Em teoria, este princípio parece aceitável. Numa economia em que os recursos são especialmente escassos, a sua utilização deve ser feita com o máximo de eficiência, para que se alcancem níveis elevados de satisfação das necessidades, que, como sabemos, são ilimitadas.
Pensando assim, parece razoável que os recursos disponíveis sejam utilizados pelos agentes que melhor os rentabilizam. Se o Estado não consegue, pela dimensão exagerada da sua máquina, ser eficiente na rentabilização dos meios que aloca a si próprio, devem então ser outras entidades a prestar esses serviços, fazendo-o com a mesma qualidade e gastando menos.

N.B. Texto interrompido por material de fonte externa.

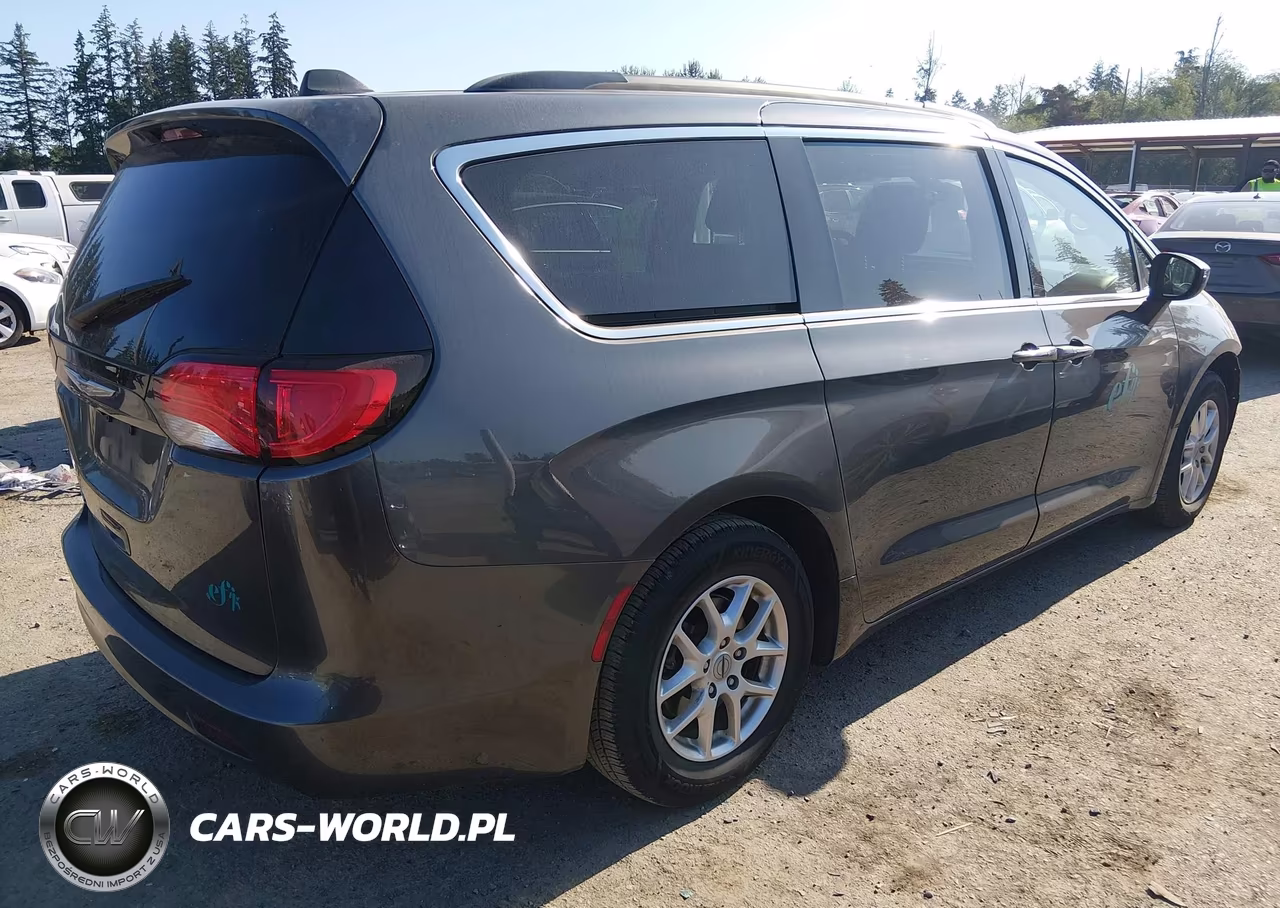 2021 Chrysler Voyager Lxi VIN:2C4RC1DG3MR506042 - 4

Ora, especialmente na última década, o Estado foi ensaiando uma espécie de intercâmbio com entidades privadas, no sentido de beneficiar da sua maior eficiência na execução de certas funções que lhe estavam até então reservadas. Nessa medida “os privados” puderam, por delegação, desenvolver actividades que até então competiam exclusivamente ao Estado. Como exemplos deste modelo temos a gestão privada de hospitais públicos e a competência atribuída aos solicitadores, e a outros agentes privados, no processo de execução judicial.
No caso concreto dos agentes de execução, pensou-se que estes seriam mais expeditos e eficientes que a maquina da Justiça, na tramitação de certas fases do processo de execução. Por isso, o Estado atribuiu a solicitadores e a outros agentes o papel até então reservado aos funcionários judiciais, na tramitação de certas fases dos processos de execução, onde se incluiu a fase de identificação e penhora de activos aos réus/condenados para pagamento das suas dívidas a terceiros (vítimas).
Ora, como acima disse, tudo isto funciona se os privados conseguirem, com menos gastos, prestar os mesmos serviços com qualidade idêntica, ou superior, àquela que é prestada pelo Estado. Como sabemos, se há casos em que isso aconteceu, outros há em que tal não se verificou. No caso dos hospitais/empresa não é difícil encontrar exemplos em que a gestão dos privados não foi eficiente. Basta para isso verificar que os níveis de endividamento dessas entidades subiram, e em alguns casos até de forma desmesurada.
Mas como se vê por esta notícia, não foi só na área da saúde, que nem tudo bem.
O exercício de funções públicas, ainda que por delegação, exige dos agentes a quem são delegadas essas competências elevados níveis de idoneidade e ética. O crime alegadamente praticado pelo ex-presidente da Câmara dos Solicitadores é inadmissível, tanto mais que se trata de um agente que já desempenhou funções com especial relevância no âmbito da sua classe profissional.
Se casos como este continuarem a proliferar, certamente que os portugueses questionar-se-ão a propósito dos benefícios da transferência para o sector privado das actividades desempenhadas até agora pelo Estado porque estará ameaçado o princípio fundamental que tem que prevalecer numa relação utente/prestador: a confiança.
No meu entender e perante este cenário qualquer alteração que venha a decidir-se neste âmbito terá que ser muito ponderada e precedida de estudos que demonstrem que há benefícios inequívocos para a sociedade nas medidas que venham a ser postas em prática. Além disso, parece-me fundamental que o Estado reforce os seus poderes de regulação e fiscalização, para que possa garantir aos cidadãos que não haverá distorções na prestação dos serviços por parte das entidades privadas. Caso contrário pode não tardar a ouvir-se uma expressão muito popular adaptada a esta problemática: com privados destes... volta Estado, que estás perdoado!